Film yang diproduksi Immodicus SA dan Arizona State University School of Earth and Space Exploration itu diluncurkan pada Jumat (13/11) malam di Scottsdale, Arizona.
Peluncuran yang berlangsung di Hotel Mondrian itu dilanjutkan dengan diskusi panel beberapa ahli geologi tentang fenomena lumpur panas yang mulai menyembur di lahan eksplorasi minyak dan gas PT Lapindo Brantas di Porong, Sidoarjo, Jawa Timur, pada 29 Mei 2006 itu.
Mud Max mengungkap berbagai fakta menyangkut kasus tersebut dari segi keilmuwan, ekonomi, kemanusiaan dan politik.

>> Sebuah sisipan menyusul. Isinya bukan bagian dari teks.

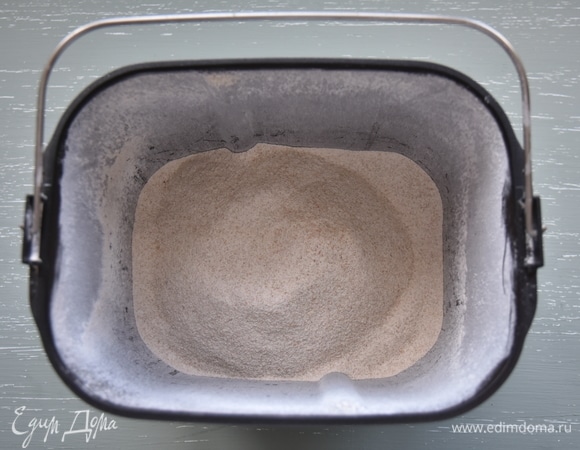 Три вида муки соединить и просеять через сито. Согласно инструкции загрузить в форму сначала сыпучие ингредиенты: муку, соль, солод.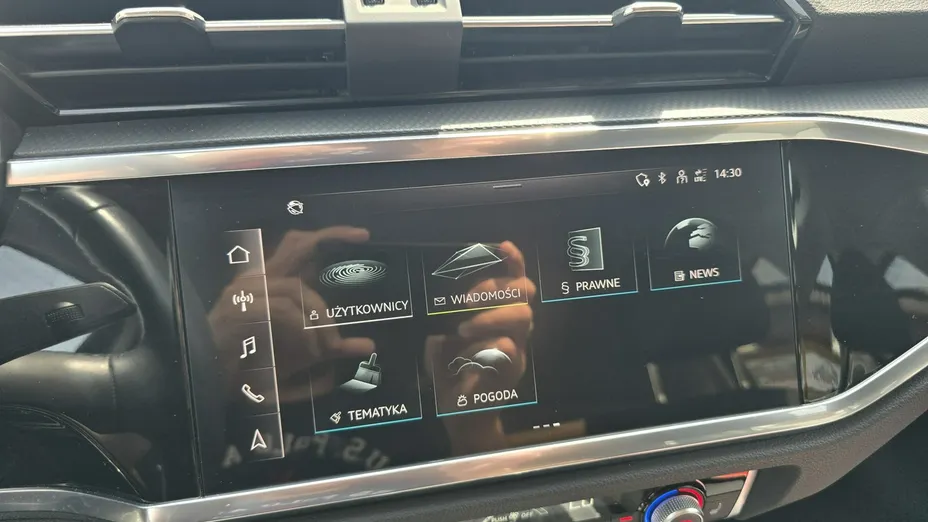 AUDI Q3 -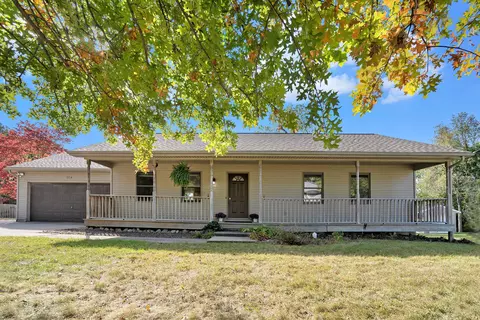 2218 Fairfield Rd, Portage, MI 49002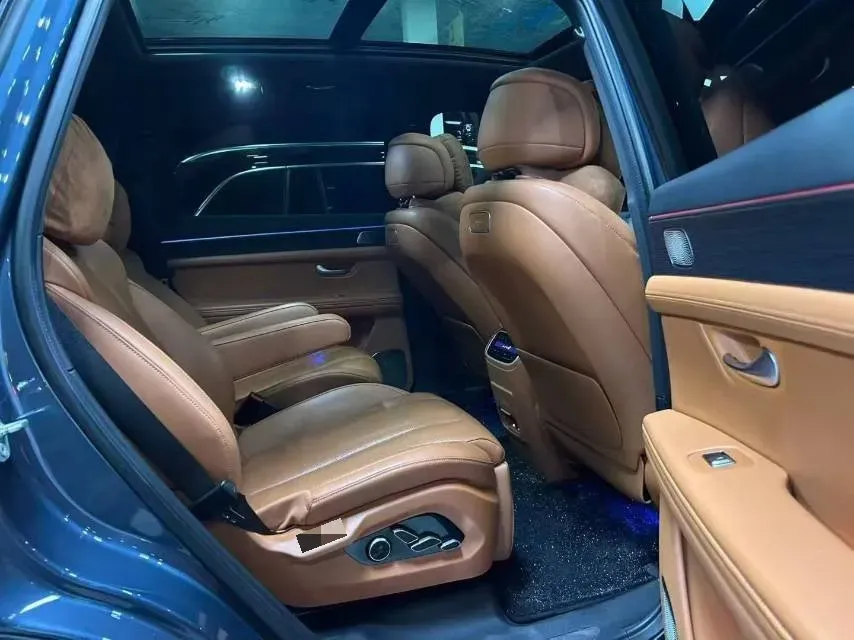 2024 AITO AITO M7 1.5T 152HP L4 REEV 42KWH,autocango,china used car exporter,china ev exporter,chinese used car exporter,chinese used ev exporter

Dalam Mud Max, dimunculkan pendapat bertentangan dari sejumlah ahli tentang penyebab munculnya lumpur, apakah kejadian alam atau kesalahan manusia.
Dalam diskusi panel, Juru Bicara Immodicus SA, Avian Tumengkol, mengatakan film Mud Max tidak diarahkan untuk menentukan apakah semburan lumpur itu merupakan bencana alam atau akibat dari kesalahan manusia.
"Film ini untuk memberi pemahaman, temuan-temuan dan pandangan-pandangan dari kedua pihak. Tujuan film ini adalah untuk memberi kesempatan kepada publik menentukan pemikiran dan pemahaman mereka sendiri untuk menyimpulkan mana yang benar," kata Avian.
Menurut Produser Eksekutif Mud Max, Chris Fong, beberapa stasiun televisi asing telah menyatakan tertarik untuk memutar film berdurasi 47 menit itu..
"Metro TV di Indonesia juga menyatakan minatnya untuk menayangkan film ini," katanya.
Kontroversi adalah faktor utama yang membuat Chris Fong tertarik memproduksi film soal kasus lumpur Lapindo. "Audien akan tertarik dengan kontroversi. Saya lihat isu ini ternyata lebih rumit dan unsur politisnya demikian kuat," ujar Chris.